30 Desember 2009

Tolak Perdamaian Murahan

Kasus Penganiayaan di Maumere

Oleh Frans Anggal

Personel TNI AL Lanal Maumere menganiaya seorang warga, Marthen Luter, di sebuah rumah makan di Nangahure, Kecamatan Alok Barat, 20 Desember 2009. Tidak hanya menganiaya, mereka juga menyekap korban selama lima jam di tahanan (Flores Pos Kamis 24 Desember 2009) .

Korban dianiaya karena ada pengaduan dari istri salah seorang pelaku. Konon korban memegang bokong sang istri di sebuah rumah makan di Nangahure. Sedangkan menurut korban, tidak begitu. Saat ia membayar nasi kuning di warung, tangannya menyentuh belakang badan sang istri.

Apa yang sebenarnya terjadi, “pegang bokong” ataukah “sentuh belakang badan”, belumlah jelas. Masing-masing pihak pegang versi ceritanya. Tentu, versi yang menguntungkan pihaknya, dan bila perlu merugikan pihak lain. Karena itu, kedua versi hanya mungkin sama-sama salah. Tidak mungkin sama-sama benar. Kalau satunya benar, lainnya pasti salah.
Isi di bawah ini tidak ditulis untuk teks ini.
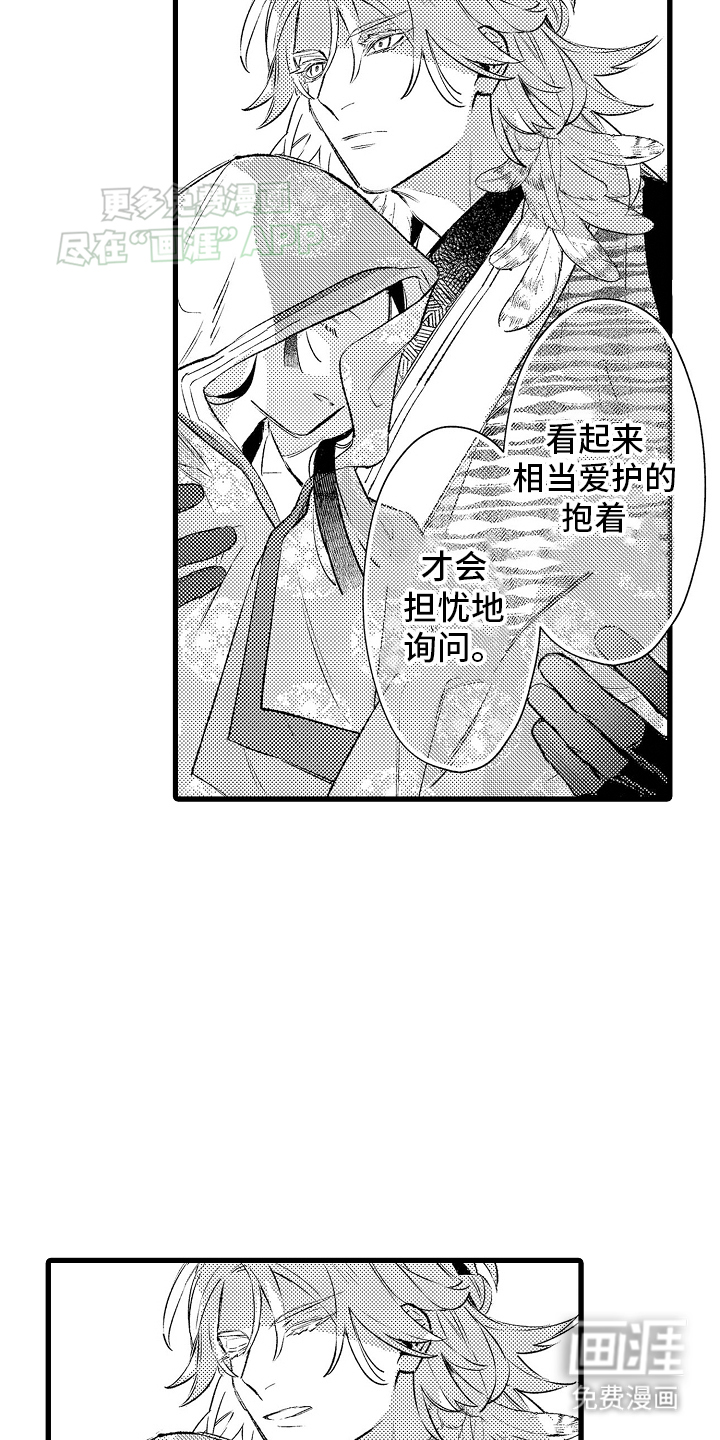 鹰王宠溺 第8话 第27页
Dari pemberitaan, kita tak miliki cukup keterangan untuk bisa menilai setiap versi. Di sisi lain, kita punya cukup bahan dan alasan untuk menilai kisah ikutannya. Apa pun versinya, “pegang bokong” ataukah “sentuh belakang badan”, kisah ikutannya sungguh mengerikan. Penganiayaan!

Di depan warung, wajah dan dada korban ditinju sang suami. Korban diseret ke pos jaga. Dipukuli, diinjak, ditendang lima personel lain. Kepalanya dibenturkan ke tembok. Diseret ke tahanan. Disekap. Diborgol. Digebuk bergantian. Disuruh gigit sepatu sambil merayap. Ia minta maaf, tapi tetap dipukuli. Disirami air. Bahkan kakak kandungnya diperintahkan ikut memukul. Ia dilepaskan setelah berdarah-darah dan memar. Ia diperintahkan datang keesokan harinya bawa serta meterai Rp6.000 untuk surat pernyataan damai. Namun ia tidak datang. Ia mengadu ke Polisi Militer di Ende. Ia minta proses hukum.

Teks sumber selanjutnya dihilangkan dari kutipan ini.